Our limitations can make more sense when compared to perfection. The only man to have a perfect balance of seeing with his head and his heart was Jesus, and the only women to have a perfect balance of seeing with her head and her heart was Mary. This is not to take away from the genders of Jesus and Mary! Jesus is a man, brain chemistry included, and so he sees primarily as a man does with his head. Yet at the same time, he had a heart that loved with intense passion and emotion. Mary is a woman, and sees with her heart primarily as women do. Yet she also had an intense ability to understand the truth of her vocation, what she was to do, and cradle the feelings of her heart in a way that let her still be able to do it (what I called earlier “compartmentalizing.”)

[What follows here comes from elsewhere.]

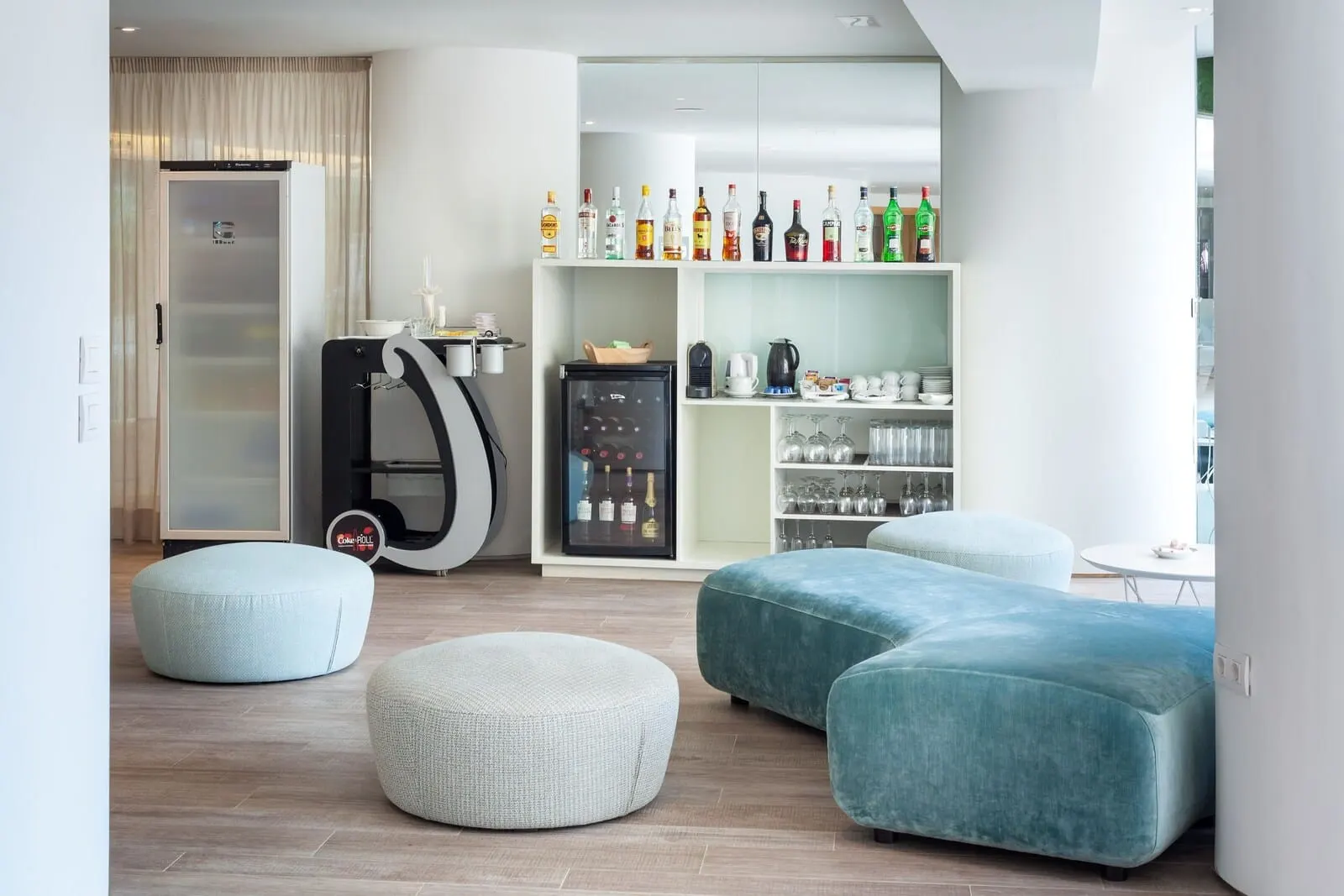 Tigotan Lovers & Friends: A modern living room with a kitchen area, including a refrigerator, a coffee machine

Jesus and Mary are our ideals. As a man, I can learn from women how to make up in the areas I fall short. Women can learn from men where they fall short. This is how we can be coeducative. I definitely would not say it’s wrong to shed tears or be choked up with emotion sometimes in the workplace. As an added note in response to the Verily article, I also agree that there is a double standard with “angry” emotions being allowed, and “sad” emotions not being allowed. I don’t think emotions can be divided up between men and women, but I do think certain emotional displays have been (unjustly) given a pass while others haven’t. For a healthy workplace, or home, or anywhere for that matter, the proper balance between feeling, expressing, and compartmentalizing emotions is necessary. It is important to acknowledge the ways that men and women can learn from each other about how to handle different kinds of situations. Sometimes a situation at work calls for more rational thinking with the emotional response compartmentalized, and sometimes a situation calls for more of the heart to be involved – especially when “acknowledging a person” is just and called for. So, should a woman “man-up” at work? Sometimes, maybe. But only insofar as a man should “woman-up” as well.